Total revenue for the most recent quarter was $25 billion, up 9% year over year and 13% from the prior quarter. That's pretty solid!
However, the overwhelming majority of Dell's growth came from ISG, specifically in networking and server solutions. Revenue from CSG, in contrast, decreased 4%.
Considering that demand for data center services is booming, investors likely expect Dell to generate growth from this part of its business and are therefore uninspired by the prospects of the company's other segments.
Within the CSG unit, revenue from commercial business was actually little changed year over year. Although that's not great, it was the consumer side of CSG that was the real drag, declining 22% year over year.
I would caution investors from getting too bogged down in these results, though. Further analysis suggests that both ISG and CSG could be about to shift to a higher gear.

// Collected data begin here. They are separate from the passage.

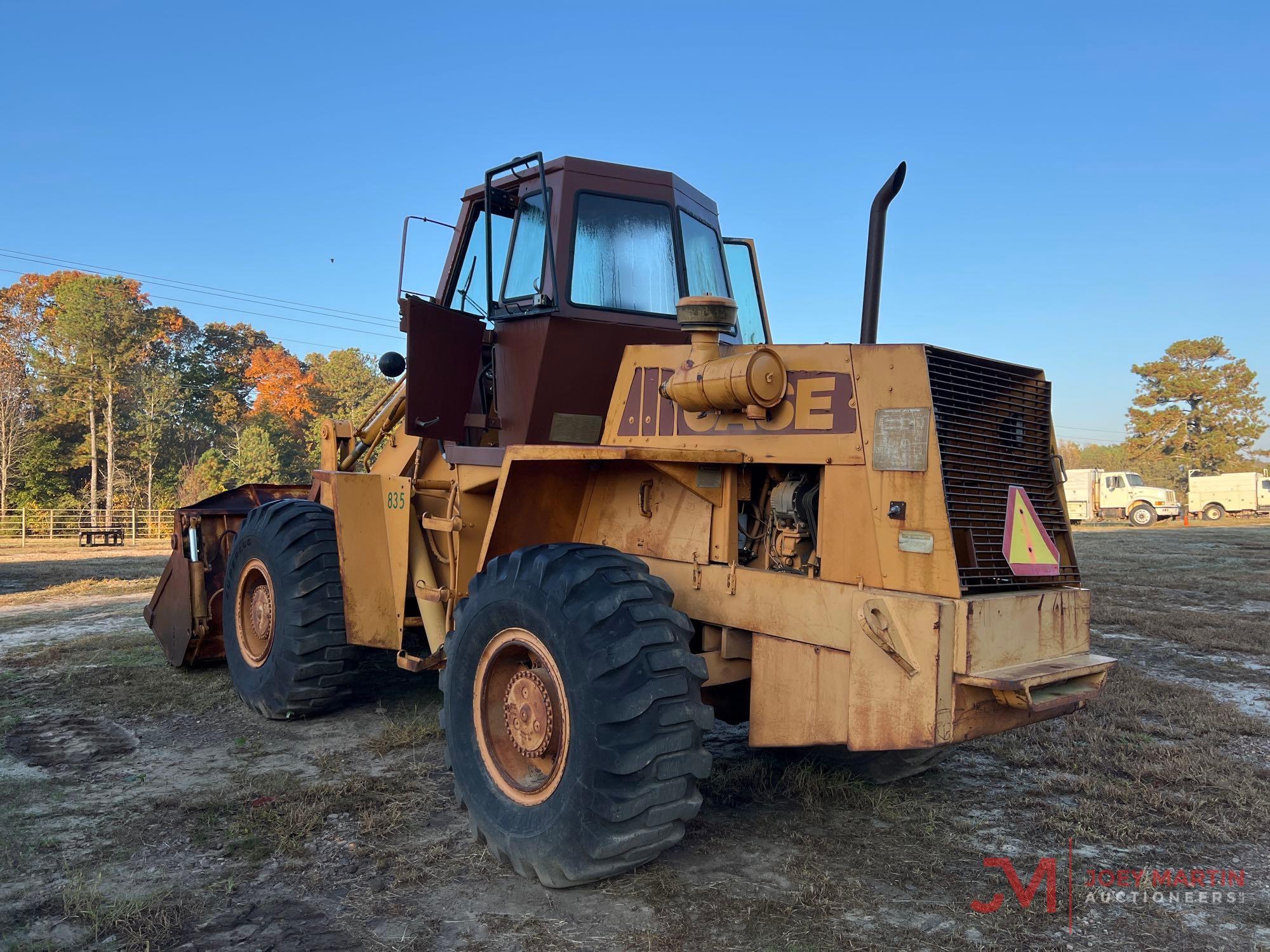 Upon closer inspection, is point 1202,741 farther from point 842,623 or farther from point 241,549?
point 241,549

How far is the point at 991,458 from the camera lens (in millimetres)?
3562

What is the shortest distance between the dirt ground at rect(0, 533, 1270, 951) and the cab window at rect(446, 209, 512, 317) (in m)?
2.63

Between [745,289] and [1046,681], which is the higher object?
[745,289]

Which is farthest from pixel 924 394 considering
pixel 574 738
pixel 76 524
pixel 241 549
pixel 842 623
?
pixel 76 524

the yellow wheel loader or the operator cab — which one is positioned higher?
the operator cab

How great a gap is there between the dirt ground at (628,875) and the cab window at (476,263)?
104 inches

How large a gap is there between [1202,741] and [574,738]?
157 inches

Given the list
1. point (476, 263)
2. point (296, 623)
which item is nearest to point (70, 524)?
point (296, 623)

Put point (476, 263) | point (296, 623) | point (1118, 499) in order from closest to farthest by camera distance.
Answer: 1. point (476, 263)
2. point (296, 623)
3. point (1118, 499)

Why Dell's growth could go parabolic
Many of technology's most influential businesses -- including Microsoft , Meta , Alphabet , Amazon , and Tesla -- have all made it clear that more capital expenditures (capex) in AI are very much part of their growth plans. These investments in data centers and chip manufacturing should have a positive impact on Dell's ISG operation over the long run .

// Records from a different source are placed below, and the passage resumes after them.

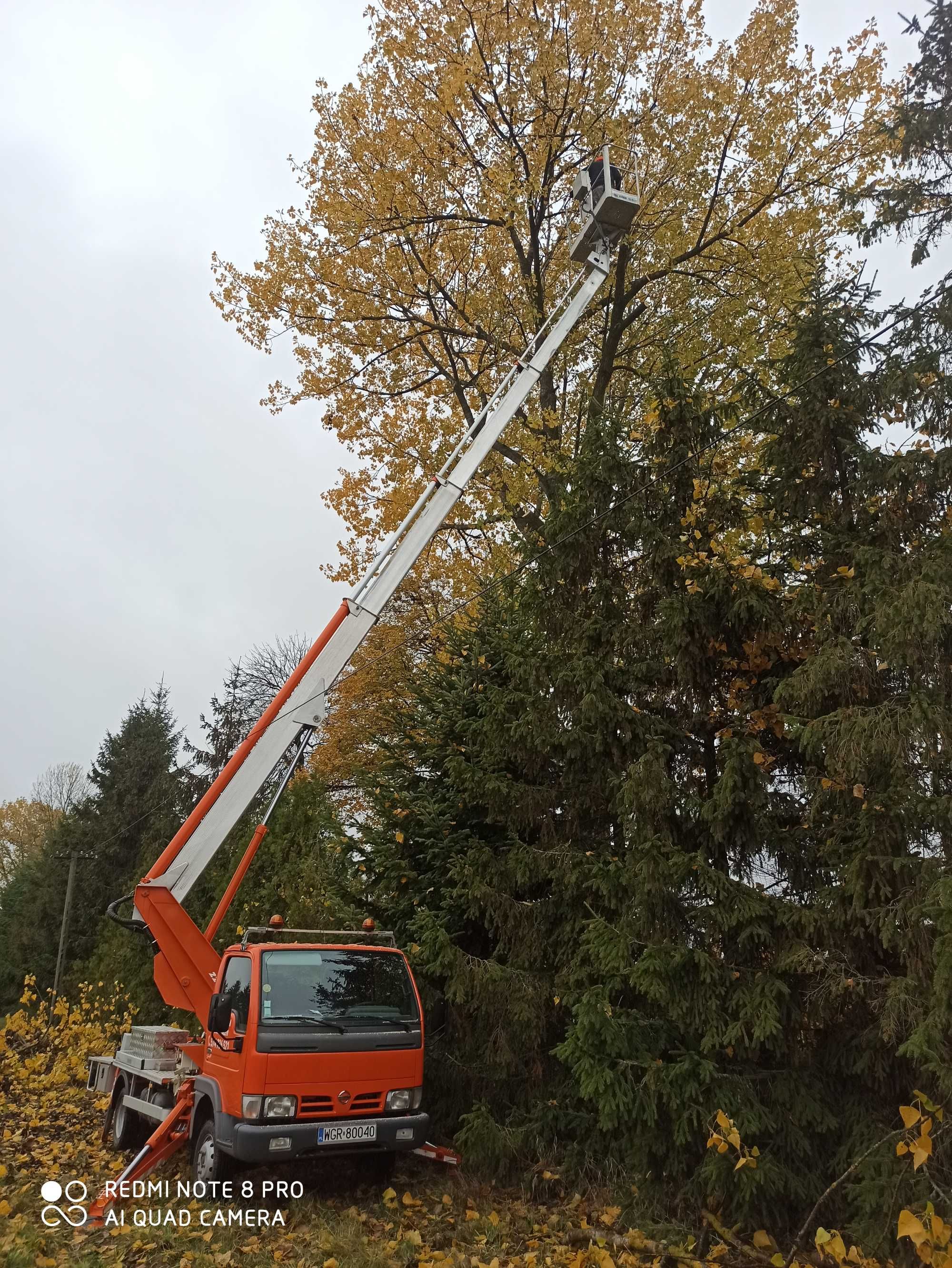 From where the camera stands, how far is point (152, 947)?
26.9 ft

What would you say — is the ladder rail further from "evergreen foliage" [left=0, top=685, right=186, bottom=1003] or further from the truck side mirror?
"evergreen foliage" [left=0, top=685, right=186, bottom=1003]

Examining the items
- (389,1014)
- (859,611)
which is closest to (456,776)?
(389,1014)

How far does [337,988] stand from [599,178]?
8.82 m

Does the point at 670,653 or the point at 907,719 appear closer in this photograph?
the point at 907,719

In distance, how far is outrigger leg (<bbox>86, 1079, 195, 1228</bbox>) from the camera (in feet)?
22.5

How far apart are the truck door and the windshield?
0.61ft

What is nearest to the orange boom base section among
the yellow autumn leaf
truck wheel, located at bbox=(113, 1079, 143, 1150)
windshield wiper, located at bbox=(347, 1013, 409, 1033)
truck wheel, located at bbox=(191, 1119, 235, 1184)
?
truck wheel, located at bbox=(191, 1119, 235, 1184)

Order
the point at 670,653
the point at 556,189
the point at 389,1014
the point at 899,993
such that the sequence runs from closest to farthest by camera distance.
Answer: the point at 899,993 < the point at 670,653 < the point at 389,1014 < the point at 556,189

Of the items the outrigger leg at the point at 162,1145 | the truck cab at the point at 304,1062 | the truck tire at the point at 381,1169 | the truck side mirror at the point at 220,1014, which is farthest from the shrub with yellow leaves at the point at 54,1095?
the truck tire at the point at 381,1169

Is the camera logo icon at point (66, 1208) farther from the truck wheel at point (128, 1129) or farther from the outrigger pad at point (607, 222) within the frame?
the outrigger pad at point (607, 222)

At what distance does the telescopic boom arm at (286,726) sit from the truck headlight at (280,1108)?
1.45 metres

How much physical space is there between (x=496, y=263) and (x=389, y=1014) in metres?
11.5

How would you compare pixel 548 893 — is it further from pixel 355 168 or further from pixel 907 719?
pixel 355 168

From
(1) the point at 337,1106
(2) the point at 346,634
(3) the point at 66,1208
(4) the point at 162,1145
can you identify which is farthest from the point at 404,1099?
(2) the point at 346,634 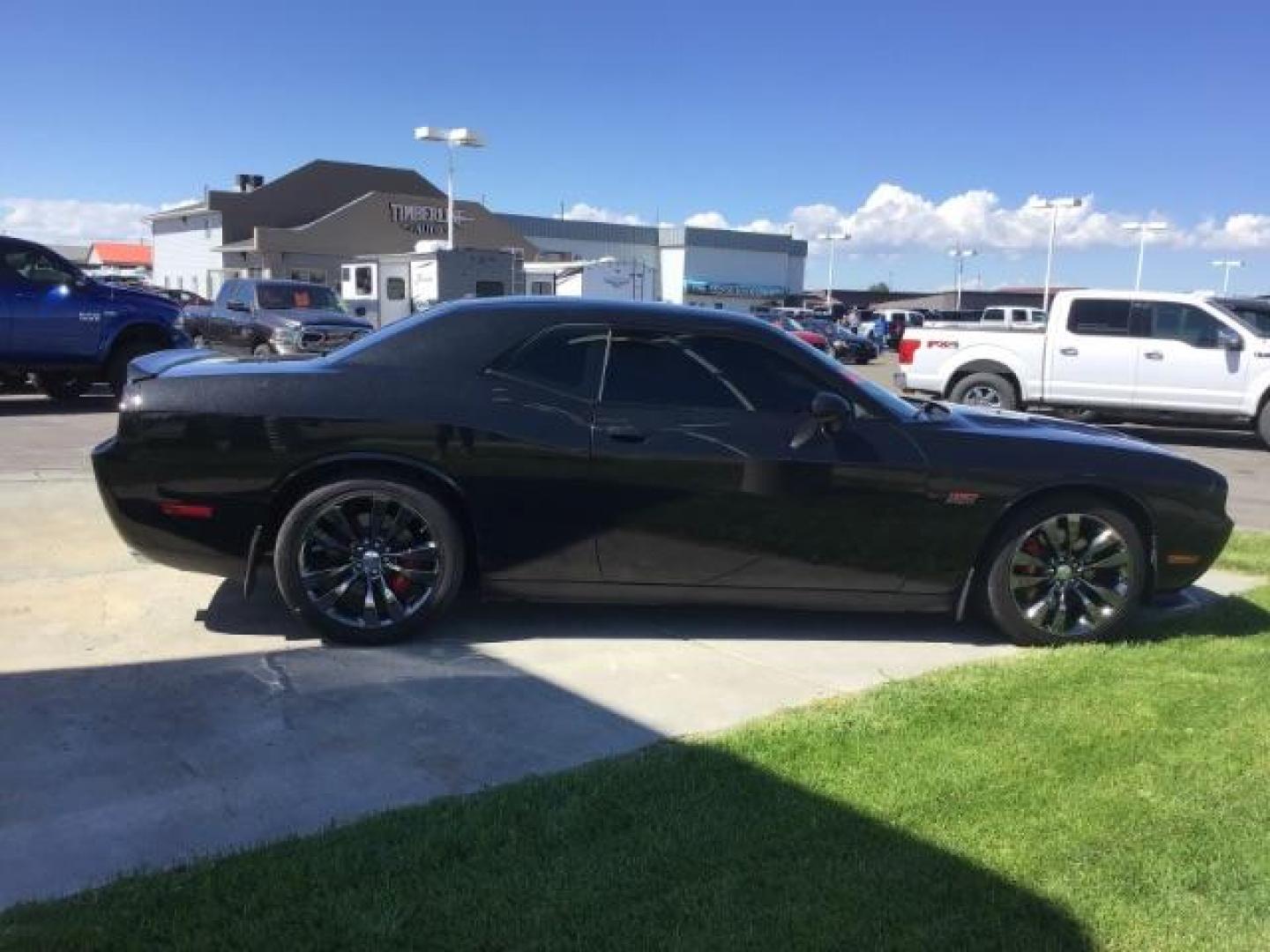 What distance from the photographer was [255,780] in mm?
3465

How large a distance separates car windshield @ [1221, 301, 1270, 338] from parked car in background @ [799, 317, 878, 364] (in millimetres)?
20651

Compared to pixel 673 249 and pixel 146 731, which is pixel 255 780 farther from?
pixel 673 249

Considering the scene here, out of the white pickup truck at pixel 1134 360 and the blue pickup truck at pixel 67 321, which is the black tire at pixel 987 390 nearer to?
the white pickup truck at pixel 1134 360

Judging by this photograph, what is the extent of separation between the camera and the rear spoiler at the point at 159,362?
483 centimetres

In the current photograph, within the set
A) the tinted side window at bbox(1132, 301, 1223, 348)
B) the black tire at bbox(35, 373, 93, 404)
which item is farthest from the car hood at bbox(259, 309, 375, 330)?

I think Dell's ISG operation will witness much more acceleration as big tech continues ratcheting up crucial IT architecture.

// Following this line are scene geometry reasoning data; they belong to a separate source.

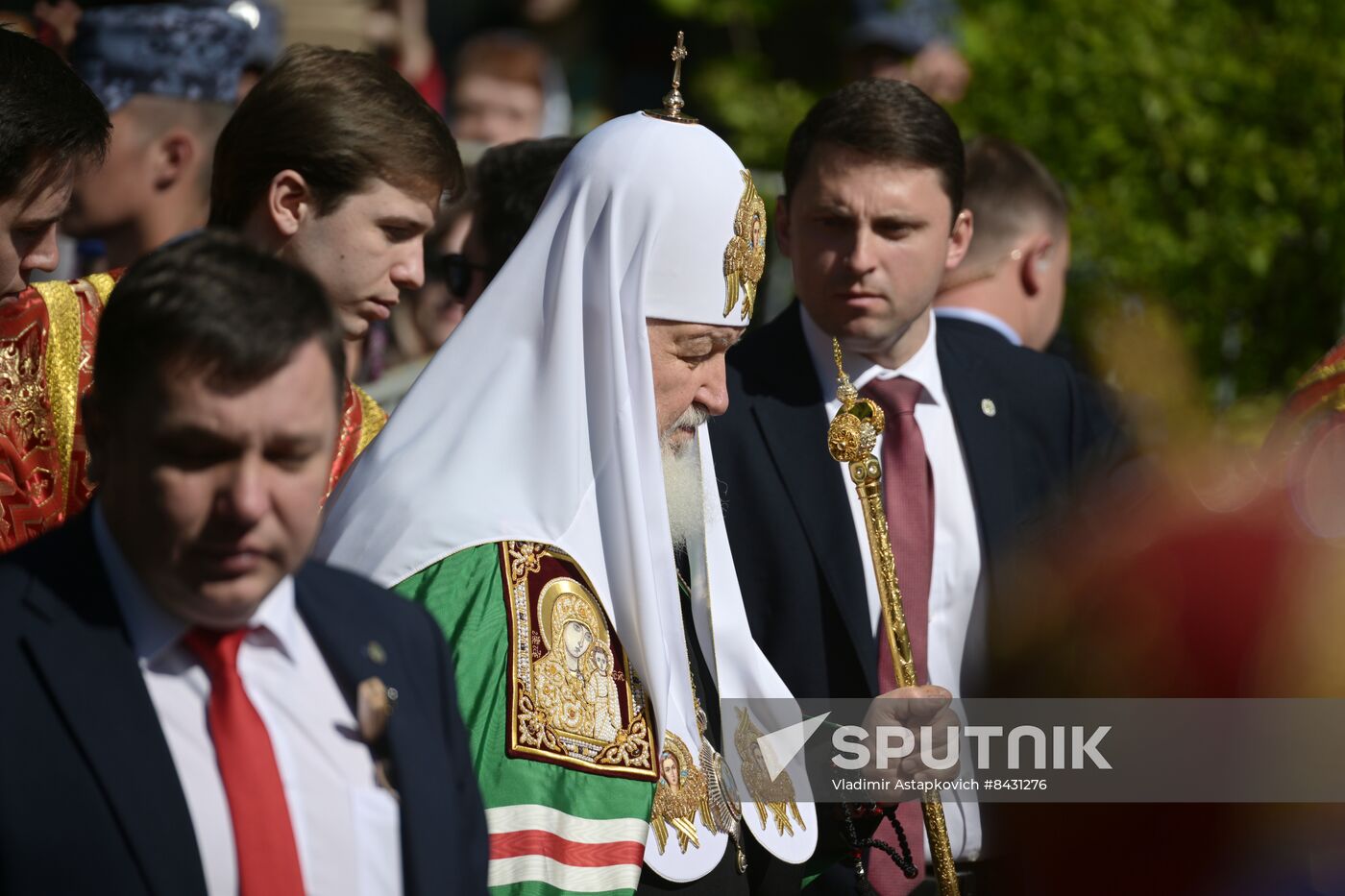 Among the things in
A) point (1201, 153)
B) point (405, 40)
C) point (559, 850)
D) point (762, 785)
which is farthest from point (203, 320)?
point (405, 40)

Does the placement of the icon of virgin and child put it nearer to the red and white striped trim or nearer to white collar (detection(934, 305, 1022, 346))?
the red and white striped trim

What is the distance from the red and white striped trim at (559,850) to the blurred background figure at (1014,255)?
3179mm

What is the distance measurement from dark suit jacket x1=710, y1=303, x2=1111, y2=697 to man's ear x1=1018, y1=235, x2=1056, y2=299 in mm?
998

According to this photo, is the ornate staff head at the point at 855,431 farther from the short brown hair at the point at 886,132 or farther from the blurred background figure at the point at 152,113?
the blurred background figure at the point at 152,113

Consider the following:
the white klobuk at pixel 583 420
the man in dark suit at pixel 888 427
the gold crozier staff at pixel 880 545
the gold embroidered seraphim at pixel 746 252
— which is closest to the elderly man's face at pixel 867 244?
the man in dark suit at pixel 888 427

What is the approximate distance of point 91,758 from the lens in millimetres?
2344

Another reason I am bullish on Dell is that I see a huge opportunity in client solutions. Both consumer and commercial investments in hardware such as personal computers (PC) are cyclical. But as AI increasingly becomes integrated into more devices, I think both corporations and consumers will need to make upgrades.
During Dell's second-quarter earnings call, Chief Operating Officer Jeffrey Clarke said the company is "optimistic about the coming PC refresh cycle as the install base continues to age, Windows 10 reaches end-of-life later next year, and the significant advancements in AI-enabled architectures and applications continue." Clarke pointed to the end of this year and the start of 2025 as the time line when Dell should begin reaping the benefits of this hardware refresh cycle.
Chief Financial Officer Yvonne McGill agreed, saying, "The coming PC refresh cycle and the longer-term impacts of AI will create tailwinds for the PC market."
To me, both ISG and CSG are well positioned to benefit from ongoing investment in capex -- namely in data center and storage solutions as well as upgrading PCs and related devices.
Is now a good time to buy Dell stock?
Dell shares have fallen more than 20% during the past three months. This has led to notable valuation contraction, and Dell's forward price-to-earnings ratio (P/E) of just 14.7 lags the S&P 500 's forward P/E of 22.4.
I think investors are overlooking Dell's long-run potential. I wouldn't expect Dell's business to show signs of kicking into a higher gear until later this year and into 2025.
But with that said, I think now is a good opportunity to pounce on the depressed shares because gains could very much be in store should Dell's ISG and CSG demonstrate growth acceleration in coming quarters.